▸ Given material:

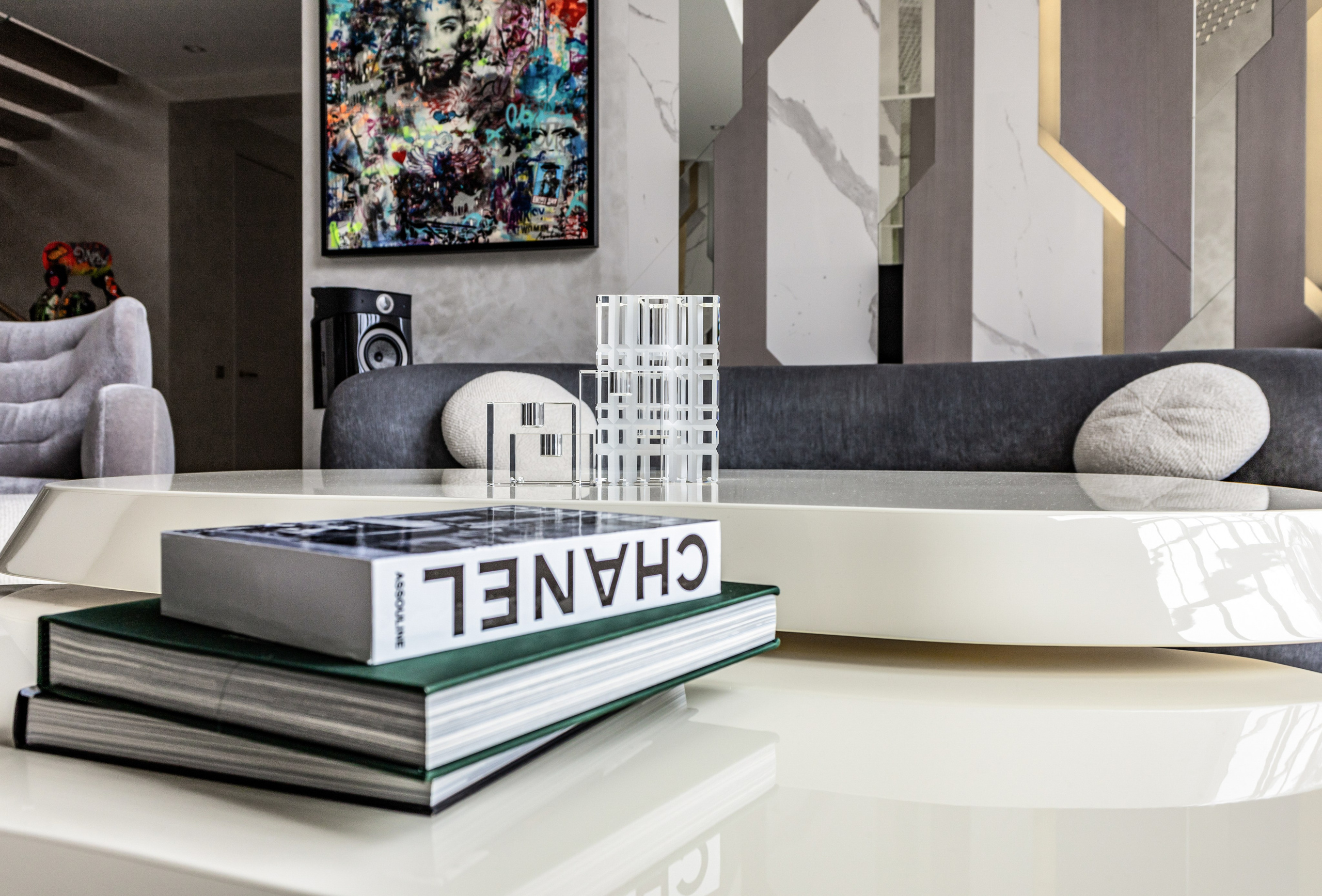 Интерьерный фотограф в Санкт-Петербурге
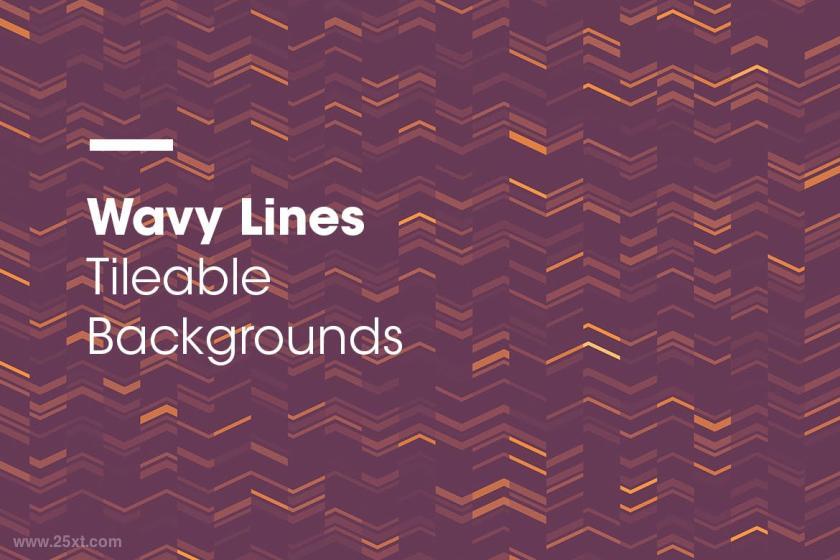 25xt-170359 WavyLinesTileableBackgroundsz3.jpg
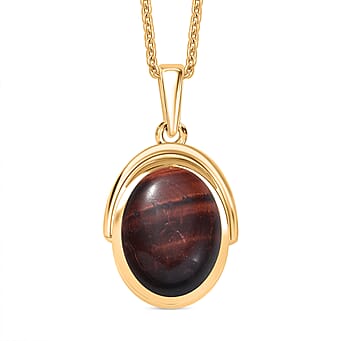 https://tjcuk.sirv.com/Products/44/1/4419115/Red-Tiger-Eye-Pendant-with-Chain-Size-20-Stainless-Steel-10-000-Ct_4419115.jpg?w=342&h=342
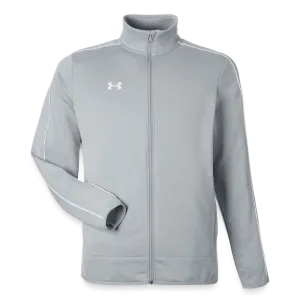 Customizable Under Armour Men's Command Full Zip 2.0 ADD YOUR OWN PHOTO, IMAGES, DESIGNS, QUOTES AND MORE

▸ Task instructions: Restate the data above word for word. Do not include the images.

▸ Reply:
 Интерьерный фотограф в Санкт-Петербурге
 25xt-170359 WavyLinesTileableBackgroundsz3.jpg
 https://tjcuk.sirv.com/Products/44/1/4419115/Red-Tiger-Eye-Pendant-with-Chain-Size-20-Stainless-Steel-10-000-Ct_4419115.jpg?w=342&h=342
 Customizable Under Armour Men's Command Full Zip 2.0 ADD YOUR OWN PHOTO, IMAGES, DESIGNS, QUOTES AND MORE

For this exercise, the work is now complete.